Formula 1 has been here before.
Regulation overhauls have a habit of redrawing the competitive order, often in ways that few see coming.
In 2009, Brawn GP emerged from the ashes of Honda with a double diffuser concept that would go on to dominate a season nobody predicted.
In 2014, Mercedes’ mastery of the hybrid Power Unit ushered in years of dominance.
And in 2022, the Adrian Newey designed Red Bull interpreted the ground-effect rules better than anyone else.
History tells us that when the rulebook is torn up, nothing is certain.
The question for 2026 is will the same names still be at the front?
Or could one team bring us another Brawn GP situation?
A whole car reset
Formula 1 will introduce new aerodynamic rules, new power units, new fuels, narrower tyres, and new strategic tools for drivers.
The cars themselves will be shorter, narrower and lighter.
Ground-effect, which defined the 2022–25 era, has been abandoned.
DRS as we know it has been reworked into ‘Overtake Mode’ and brings the introduction of the visually striking active aero.
Not only that, but for the first time since 2009, we have five separate engine manufacturers all competing with a brand new engine format.
They are: Ferrari, Mercedes, Ford, Honda and Audi – whilst the Ferrari propelled Cadillac have been approved to make a works engine in from 2029.
The new PUs will have a 50-50 split of combustion engine power vs electrical power with the MGU-H being completely removed.
Who could take pole?
The story of Brawn GP seems to have similarities to that of Alpine.
Both teams completely wrote off a season to focus on new regulations.
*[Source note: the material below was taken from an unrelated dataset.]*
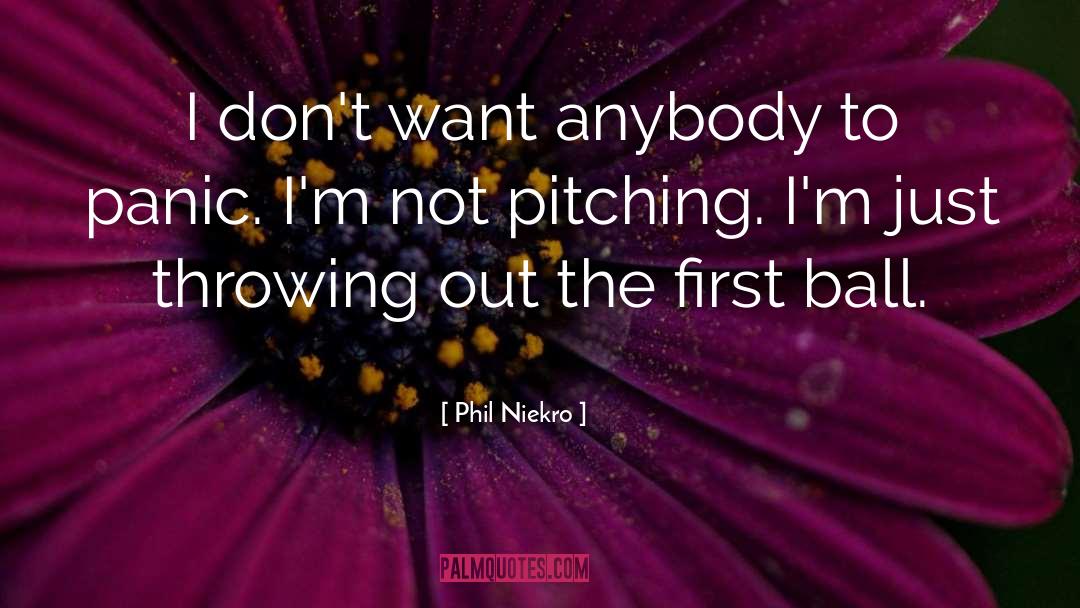 Phil Niekro Quotes: I don't want anybody to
Plus, signing Mercedes as their new power unit partner.
Could Pierre Gasly cook up another surprise win this year?
Over at Grove, they may not have turned up to the Barcelona shakedowns, but James Vowels seems confident in the 2026 package
He has consistently said he did not care about 2022-2025, but was waiting for 2026.
For a team principal to not care about the car in 2025, in which Carlos Sainz got two podiums for the team, gives Williams fans some long awaited hope.
Winless since Pastor Maldonado’s superb display in Barcelon 2012, Williams could finally reach the top step again.
Who is going home pointless?
Aston Martin completed the least laps of any at that were present at Barcelona’s pre-season shakedown, but showed up with an array of inspiring aero components.
Could they be Newey genius?
Adrian Newey is not a bullet proof solution to a Formula 1 Championship, but it’s the closest teams can get to it.
You would have to be very brave to bet against him
Martin Brundle reported to Sky F1 “Adrian was saying to me that Honda, they’re having to play catch-up, because they were leaving and then they came back in.”
Cadillac are facing a COTA Turn 1 sized hill to climb.
They do have a lot going for them: the most experienced driver pairing on the grid, a team enriched in international motorsports success and a Ferrari PU.
But it is hard task to join Formula One starting from nothing.
Haas were the last new team to enter finishing P8 in their debut season.
Before that were the likes of HRT, Lotus, Virgin Racing, Caterham and Marussia who combined scored 2 World Championship points.
The trend says that it might be a while before we see Cadillac score some significant points.